Cancelem as rendas! Contra a lógica da dívida
Os fundos imobiliários e os grandes senhorios, que já tanto dinheiro fizeram com a especulação imobiliária pré-covid, não deviam poder lucrar nem um cêntimo durante a atual fase de pandemia nem com a crise social e económica que aí vem.
Em tempos de pandemia, alguns setores produtivos foram obrigados a parar e outros foram obrigados a produzir mais do que nunca para conter o vírus. Já o setor rentista, que nada produz e em nada contribui para o bem-estar da sociedade, quer continuar a lucrar no presente e no futuro, alheio à crise sanitária que vivemos e à crise social e económica que se avizinha.
Segundo a recente proposta do Governo, quem ficou sem trabalho ou viu os seus rendimentos baixar drasticamente devido à pandemia poderá não pagar a totalidade da renda da sua casa, mas terá de se endividar para restituir o que não pagou ao senhorio durante o estado de emergência. Ou seja, quem não conseguir pagar a renda agora terá de pagar o valor em falta depois de a pandemia passar, mesmo que continue em situação de desemprego ou de carência económica. Se para a maioria da população já era difícil pagar as rendas altamente inflacionadas pela especulação imobiliária antes do surto da covid, será certamente ainda mais difícil pagá-las no futuro com o acrescento da dívida ao senhorio. Parece, por isso, óbvio que esta é uma solução insustentável.

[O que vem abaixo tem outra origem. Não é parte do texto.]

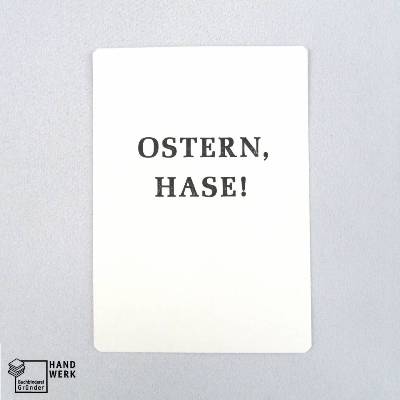 Osterkarte, Ostern Hase, schwarze Prägung, handgefertigt, Postkarte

Para além disso, é importante notar que será o Estado a emprestar o dinheiro aos arrendatários para que os senhorios continuem a receber as suas rendas. Numa fase em que milhares de pessoas foram despedidas e outros milhares trabalham incansavelmente para proteger toda a gente, parece absurdo que os senhorios, que enquanto tal pouco fazem para melhorar a vida coletiva, não possam perder um cêntimo de renda. A lógica devia ser a inversa. Os fundos imobiliários e os grandes senhorios, que já tanto dinheiro fizeram com a especulação imobiliária pré-covid, não deviam poder lucrar nem um cêntimo durante a atual fase de pandemia nem com a crise social e económica que aí vem.
O problema que resta (e o argumento mais usado para não defender o cancelamento das rendas durante o estado de emergência) parece ser o dos pequenos senhorios que só vivem de rendas e não têm poupanças para sobreviver de outra forma. Embora seja estranho alguém viver só de rendas, é claro que também estes senhorios devem poder subsistir durante a crise. Para estes casos concretos, podem ser desenhadas outras soluções, como, por exemplo, as que estão a ser pensadas para tantos trabalhadores a recibos verdes que ficaram sem rendimentos. Assim seria possível quebrar a lógica rentista, que de nada serve na proteção à pandemia e ao bem-estar social da população, e seria mais fácil toda a gente sobreviver em condições dignas.
Empurrar para depois do estado de emergência todo o dano social e económico causado pela pandemia é uma má opção. As rendas podem ser suspensas sem dívida e os senhorios vulneráveis podem ser ajudados pelo Estado. O mais importante é que ninguém passe fome por ter uma renda para pagar, ou corra o risco de perder a casa durante ou depois da crise. Em solidariedade: cancelem as rendas!